It can do 40 knots and carries enough fuel to go 430 miles. It has a bow ramp for putting troops ashore quickly. It’s controlled by joystick and has a video monitoring system that provides several views from outside the boat on screens in the cockpit and the cabin. It has a remote-operated .50-caliber machine gun and a Long Range Acoustic Device on the aft deck that can be used to hail another vessel in a variety of preprogrammed languages. The LRAD also can focus a powerful beam of sound as a weapon, if need be, to deafen and disorient an enemy crew.
Peterson said Navy Sea Systems Command is “scrubbing” the designs, and a commitment of some kind from the Navy is “in the process.”
Asked if Naval Special Warfare was interested in the boat as well as the conventional riverine force, Peterson said, “There’s a lot of interest from all different facets.”
Another vessel getting a look in Little Creek is a prototype of the Joint Multimission Expeditionary Craft, constructed by Aluminum Chambered Boats and weaponized by Northrop Grumman.
Also intended for reconfiguration depending on the mission, it has a bow ramp, twin diesel engines, three crew members and room for 13 passengers. It can do 42 knots. The prototype at Little Creek was armed with a remote controlled minigun, but the boat is intended for an array of uses.
Scott Clanton spent 24 years in the Marines. He retired last year as a master sergeant in a force reconnaissance unit. Now, he works in sales for Aluminum Chambered Boats.
“A gunboat is just a gunboat, that’s all it is,” he said. “You might have a Seabee unit with the same boat. It’s just like the Humvee is a multipurpose vehicle. It’s like a Humvee on the water.”
A JMEC hull costs about $700,000; kitted out with weapons and electronics, it costs $2.6 million.
If the Navy is looking to the future for its riverine and coastal warfare craft, a relic of its not-so-distant past was also at Little Creek.

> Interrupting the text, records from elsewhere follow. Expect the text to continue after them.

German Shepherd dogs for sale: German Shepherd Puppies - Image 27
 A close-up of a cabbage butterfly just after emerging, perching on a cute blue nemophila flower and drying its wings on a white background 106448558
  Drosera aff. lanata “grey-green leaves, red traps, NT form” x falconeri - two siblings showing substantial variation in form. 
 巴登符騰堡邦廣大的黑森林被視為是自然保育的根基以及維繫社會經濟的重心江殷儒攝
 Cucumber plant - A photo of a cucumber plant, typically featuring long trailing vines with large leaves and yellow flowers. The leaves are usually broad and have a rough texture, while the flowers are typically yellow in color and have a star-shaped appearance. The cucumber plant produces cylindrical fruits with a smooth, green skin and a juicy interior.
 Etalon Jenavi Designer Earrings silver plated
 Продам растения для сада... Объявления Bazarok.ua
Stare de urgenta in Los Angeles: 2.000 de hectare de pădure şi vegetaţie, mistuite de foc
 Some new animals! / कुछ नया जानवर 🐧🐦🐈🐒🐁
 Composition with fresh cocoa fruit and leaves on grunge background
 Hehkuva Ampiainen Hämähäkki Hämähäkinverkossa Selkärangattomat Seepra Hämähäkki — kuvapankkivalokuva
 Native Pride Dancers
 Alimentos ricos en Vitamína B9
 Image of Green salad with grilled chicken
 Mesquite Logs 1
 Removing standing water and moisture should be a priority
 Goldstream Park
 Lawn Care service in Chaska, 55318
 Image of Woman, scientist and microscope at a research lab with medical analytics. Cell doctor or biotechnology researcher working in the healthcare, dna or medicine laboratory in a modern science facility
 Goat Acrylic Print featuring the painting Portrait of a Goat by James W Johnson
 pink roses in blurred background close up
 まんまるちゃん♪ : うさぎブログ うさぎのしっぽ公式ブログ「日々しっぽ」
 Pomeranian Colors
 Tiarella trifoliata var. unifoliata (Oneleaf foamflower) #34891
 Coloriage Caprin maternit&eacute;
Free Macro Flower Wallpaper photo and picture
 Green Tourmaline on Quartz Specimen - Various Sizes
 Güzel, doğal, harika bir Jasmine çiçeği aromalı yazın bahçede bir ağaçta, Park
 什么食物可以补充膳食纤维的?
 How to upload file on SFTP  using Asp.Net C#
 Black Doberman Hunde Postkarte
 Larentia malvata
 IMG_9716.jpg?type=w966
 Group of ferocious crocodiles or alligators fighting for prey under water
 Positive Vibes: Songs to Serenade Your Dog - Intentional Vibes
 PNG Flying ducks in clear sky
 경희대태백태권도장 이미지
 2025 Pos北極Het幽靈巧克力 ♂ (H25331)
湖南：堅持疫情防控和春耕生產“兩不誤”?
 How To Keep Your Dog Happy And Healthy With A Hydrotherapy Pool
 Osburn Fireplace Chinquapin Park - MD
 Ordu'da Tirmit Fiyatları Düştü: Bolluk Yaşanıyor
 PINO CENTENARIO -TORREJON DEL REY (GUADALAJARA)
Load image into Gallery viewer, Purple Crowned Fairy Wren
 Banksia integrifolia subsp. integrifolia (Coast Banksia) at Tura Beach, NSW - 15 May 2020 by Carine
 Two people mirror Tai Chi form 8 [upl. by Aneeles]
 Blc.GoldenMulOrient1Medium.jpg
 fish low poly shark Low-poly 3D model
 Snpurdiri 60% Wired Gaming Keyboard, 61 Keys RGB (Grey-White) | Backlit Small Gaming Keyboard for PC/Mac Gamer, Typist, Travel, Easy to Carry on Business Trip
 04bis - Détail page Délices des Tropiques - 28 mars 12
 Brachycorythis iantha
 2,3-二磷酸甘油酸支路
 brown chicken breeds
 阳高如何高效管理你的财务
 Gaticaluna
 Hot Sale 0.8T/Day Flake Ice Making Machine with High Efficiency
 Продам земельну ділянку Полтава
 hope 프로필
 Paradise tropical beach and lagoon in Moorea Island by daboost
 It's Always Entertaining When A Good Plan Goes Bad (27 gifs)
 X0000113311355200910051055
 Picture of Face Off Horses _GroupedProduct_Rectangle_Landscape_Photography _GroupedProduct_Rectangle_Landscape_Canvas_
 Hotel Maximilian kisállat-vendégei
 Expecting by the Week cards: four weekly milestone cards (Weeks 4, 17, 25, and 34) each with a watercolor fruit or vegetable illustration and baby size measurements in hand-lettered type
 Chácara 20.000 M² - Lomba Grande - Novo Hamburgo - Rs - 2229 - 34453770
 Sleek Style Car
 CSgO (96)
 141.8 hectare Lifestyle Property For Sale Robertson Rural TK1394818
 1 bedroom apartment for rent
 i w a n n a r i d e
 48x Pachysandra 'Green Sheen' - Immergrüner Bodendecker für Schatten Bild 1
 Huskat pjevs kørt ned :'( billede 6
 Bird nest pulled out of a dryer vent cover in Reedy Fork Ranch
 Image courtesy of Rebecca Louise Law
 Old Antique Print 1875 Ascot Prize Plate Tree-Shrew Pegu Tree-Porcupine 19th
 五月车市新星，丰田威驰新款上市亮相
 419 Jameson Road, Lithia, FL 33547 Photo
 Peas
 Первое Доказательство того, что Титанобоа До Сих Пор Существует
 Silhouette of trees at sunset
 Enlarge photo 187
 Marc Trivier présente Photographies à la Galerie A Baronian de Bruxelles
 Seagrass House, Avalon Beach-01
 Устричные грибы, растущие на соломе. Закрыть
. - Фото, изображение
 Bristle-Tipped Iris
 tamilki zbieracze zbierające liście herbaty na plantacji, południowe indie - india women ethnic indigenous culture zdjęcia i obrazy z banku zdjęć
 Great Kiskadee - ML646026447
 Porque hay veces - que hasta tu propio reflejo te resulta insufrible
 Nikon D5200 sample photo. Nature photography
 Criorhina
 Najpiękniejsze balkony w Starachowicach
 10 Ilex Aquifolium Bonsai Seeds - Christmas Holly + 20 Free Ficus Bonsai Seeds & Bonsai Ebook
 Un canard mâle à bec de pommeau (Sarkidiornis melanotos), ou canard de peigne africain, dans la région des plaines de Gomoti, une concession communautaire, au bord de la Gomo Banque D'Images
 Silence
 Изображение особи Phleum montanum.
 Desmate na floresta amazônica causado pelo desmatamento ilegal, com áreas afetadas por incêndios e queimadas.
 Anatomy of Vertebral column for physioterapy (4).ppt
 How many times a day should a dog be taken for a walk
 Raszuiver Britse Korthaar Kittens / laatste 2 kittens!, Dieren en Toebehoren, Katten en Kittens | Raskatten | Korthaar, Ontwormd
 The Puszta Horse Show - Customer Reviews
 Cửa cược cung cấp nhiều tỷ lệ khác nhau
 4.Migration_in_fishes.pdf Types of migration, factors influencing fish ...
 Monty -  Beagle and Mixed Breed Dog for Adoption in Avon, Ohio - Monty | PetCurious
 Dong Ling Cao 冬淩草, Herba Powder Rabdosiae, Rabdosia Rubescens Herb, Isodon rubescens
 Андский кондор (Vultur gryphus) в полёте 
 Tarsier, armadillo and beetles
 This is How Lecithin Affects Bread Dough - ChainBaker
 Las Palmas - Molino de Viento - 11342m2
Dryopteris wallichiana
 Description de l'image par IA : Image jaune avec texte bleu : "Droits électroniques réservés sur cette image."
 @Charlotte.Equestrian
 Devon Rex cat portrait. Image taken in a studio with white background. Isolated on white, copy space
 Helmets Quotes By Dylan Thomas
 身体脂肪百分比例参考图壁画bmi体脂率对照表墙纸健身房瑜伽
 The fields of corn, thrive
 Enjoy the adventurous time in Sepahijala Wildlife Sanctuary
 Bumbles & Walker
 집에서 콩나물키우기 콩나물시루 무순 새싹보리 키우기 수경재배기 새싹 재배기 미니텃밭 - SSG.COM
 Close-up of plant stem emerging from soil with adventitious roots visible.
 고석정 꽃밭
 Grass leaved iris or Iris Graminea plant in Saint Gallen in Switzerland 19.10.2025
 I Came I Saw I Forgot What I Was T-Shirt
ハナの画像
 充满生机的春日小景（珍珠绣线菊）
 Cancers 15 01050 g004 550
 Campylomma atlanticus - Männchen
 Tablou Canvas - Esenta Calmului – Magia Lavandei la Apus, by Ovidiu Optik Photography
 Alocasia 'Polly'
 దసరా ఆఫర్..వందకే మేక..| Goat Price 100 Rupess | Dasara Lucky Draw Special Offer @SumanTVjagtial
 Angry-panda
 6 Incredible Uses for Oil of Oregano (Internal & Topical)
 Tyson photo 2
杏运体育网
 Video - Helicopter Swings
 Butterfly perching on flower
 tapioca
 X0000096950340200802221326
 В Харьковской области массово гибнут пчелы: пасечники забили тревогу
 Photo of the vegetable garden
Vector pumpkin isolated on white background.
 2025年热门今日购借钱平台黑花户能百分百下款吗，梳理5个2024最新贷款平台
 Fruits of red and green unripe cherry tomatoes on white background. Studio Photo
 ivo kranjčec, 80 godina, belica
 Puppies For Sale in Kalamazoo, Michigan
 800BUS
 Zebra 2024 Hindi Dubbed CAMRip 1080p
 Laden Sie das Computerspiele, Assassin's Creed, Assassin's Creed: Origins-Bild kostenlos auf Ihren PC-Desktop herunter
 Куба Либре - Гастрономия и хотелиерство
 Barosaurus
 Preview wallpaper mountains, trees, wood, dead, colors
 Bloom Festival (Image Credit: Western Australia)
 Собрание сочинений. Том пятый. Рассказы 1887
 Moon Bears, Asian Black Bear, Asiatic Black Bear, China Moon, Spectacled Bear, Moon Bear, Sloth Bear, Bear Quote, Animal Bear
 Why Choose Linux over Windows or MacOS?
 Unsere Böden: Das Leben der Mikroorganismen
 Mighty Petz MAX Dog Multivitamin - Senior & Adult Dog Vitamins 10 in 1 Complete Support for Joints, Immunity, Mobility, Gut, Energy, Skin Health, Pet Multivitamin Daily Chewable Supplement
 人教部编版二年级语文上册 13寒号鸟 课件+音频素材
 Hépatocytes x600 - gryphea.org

Tied up to the pier with all the newest boats was a Vietnam-era mini-ATC, or armored troop carrier. Low-slung, squared off, flat-bottomed and armed to the gills, the mini-ATC has been out-of-service with the U.S. for years, but a Virginia-based company has rebuilt 10 of the 36-knot boats for the Columbian military.
Bill Shabot worked on the mini-ATCs. He retired from the Navy as a chief electronics technician in 2000 after 23 years. The boats have been entirely rebuilt and up-armored with titanium plates. Shabot’s been to Colombia and says the riverine forces there run their mini-ATCs hard. But the American Navy will be moving on to something much more fancy.
“They used to have these,” he said. “There are so many new boats, I don’t know why they’d want one of these.”